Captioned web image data
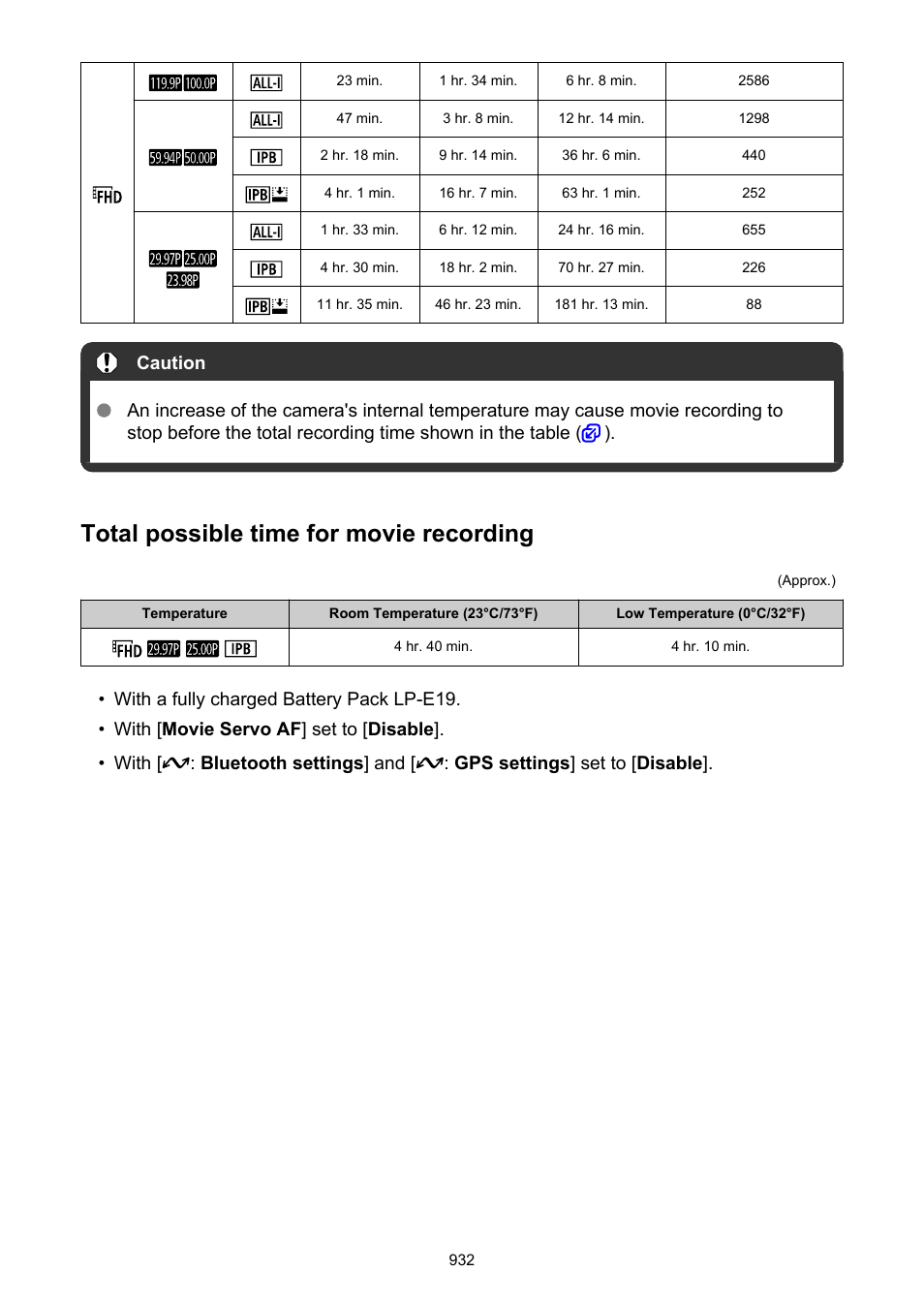 Possible movie recording time, Will be shortened, Total possible time for movie recording | Canon EOS-1D X Mark III DSLR Camera (Body Only) User Manual | Page 932 / 966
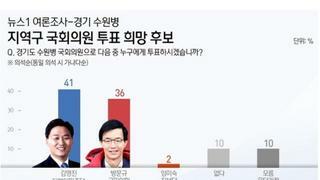 수원병] 김영진 41% vs 방문규 36%…조국혁신당 23%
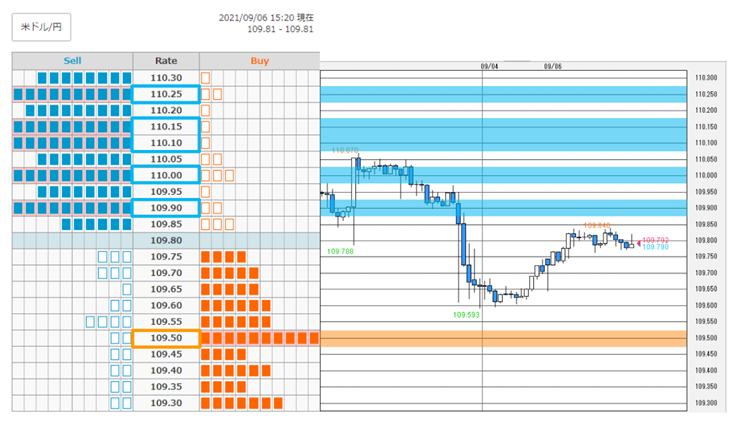 f:id:gaitamesk:20210906154343p:plain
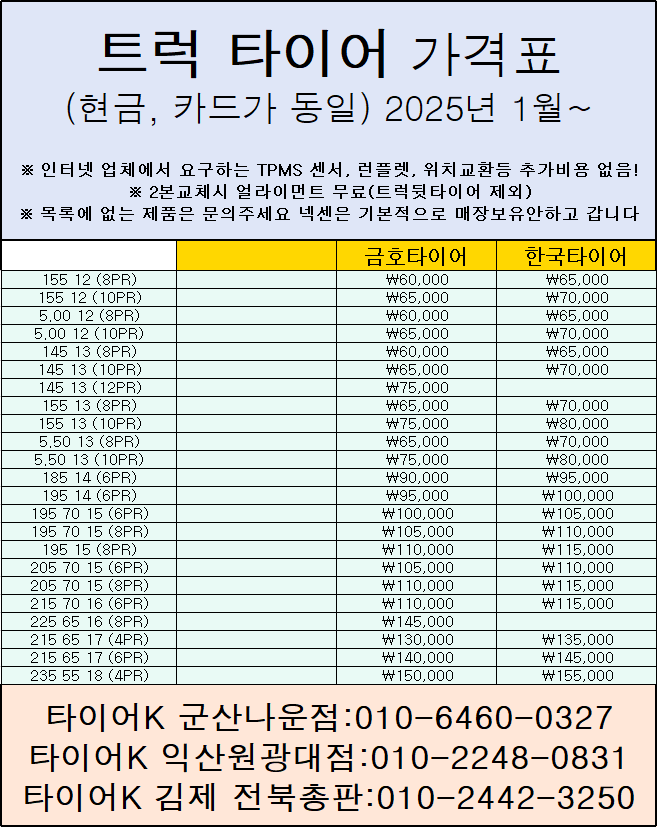 서암주유소 이미지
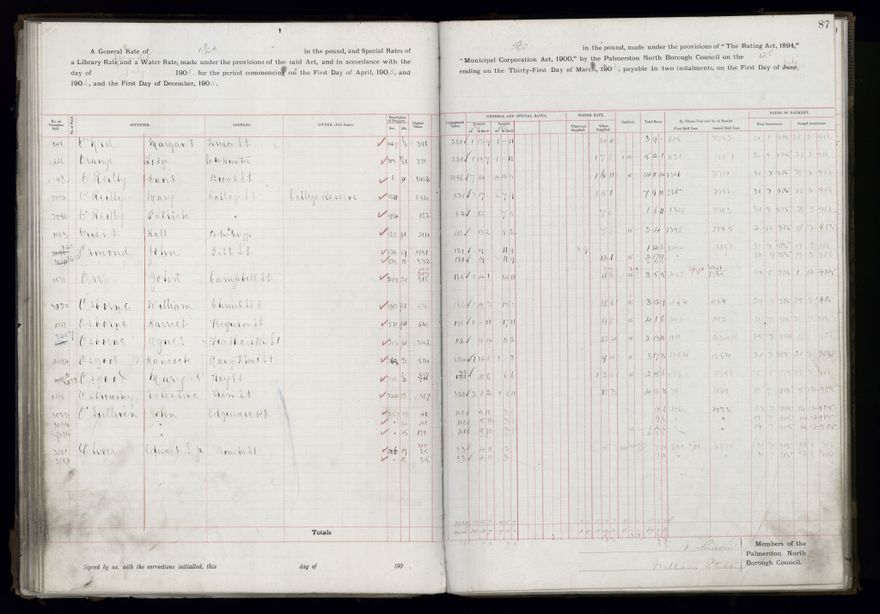 Rate book, 1905-1906 - 2021Pa_PNCC2-23-2-V13_033998-0090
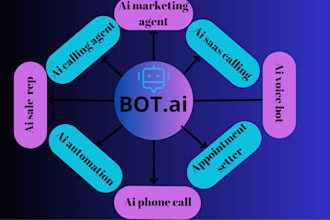 develop ai sale agent business using vapi ai relevance cold calling agent n8n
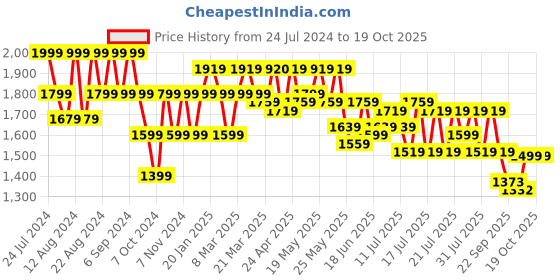 myntra.com cult cultsportone Men EZ+ Pace Walking Shoes cult Price History Graph from 24 Jul 2024 to 18 Oct 2025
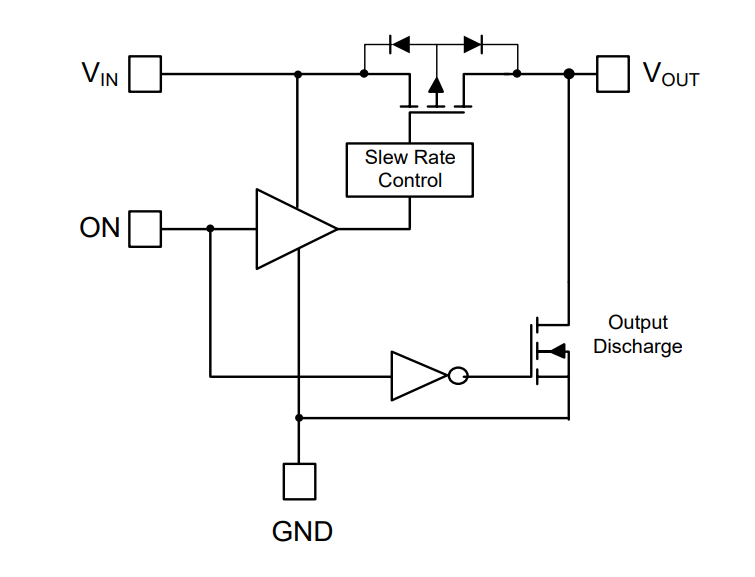 Schéma de principe - Diodes Incorporated Commutateur de charge contrôlé par taux de dérive AP22908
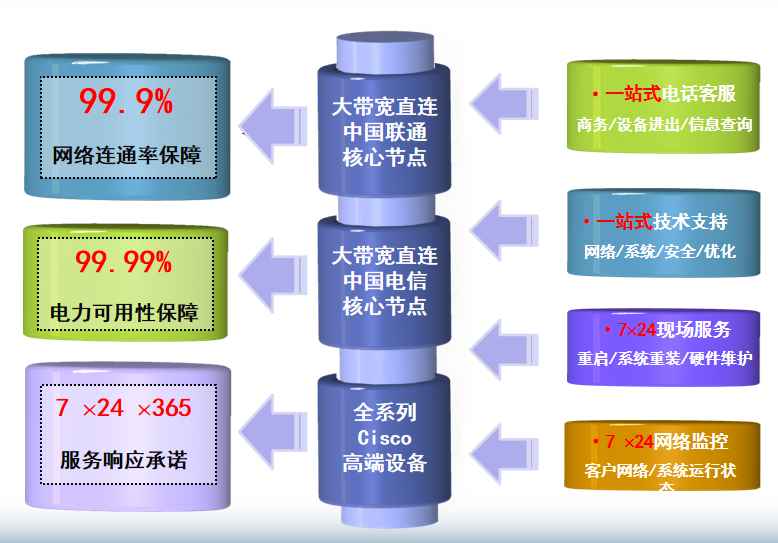中关村机房网络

» **DIRECTIONS FOR THIS TASK**: Set down, word for word, the line that holds "myntra.com cult cultsportone" and all lines after it to the end of the entries above, but not the pictures.

» **ANSWER SPACE**:
 myntra.com cult cultsportone Men EZ+ Pace Walking Shoes cult Price History Graph from 24 Jul 2024 to 18 Oct 2025
 Schéma de principe - Diodes Incorporated Commutateur de charge contrôlé par taux de dérive AP22908
中关村机房网络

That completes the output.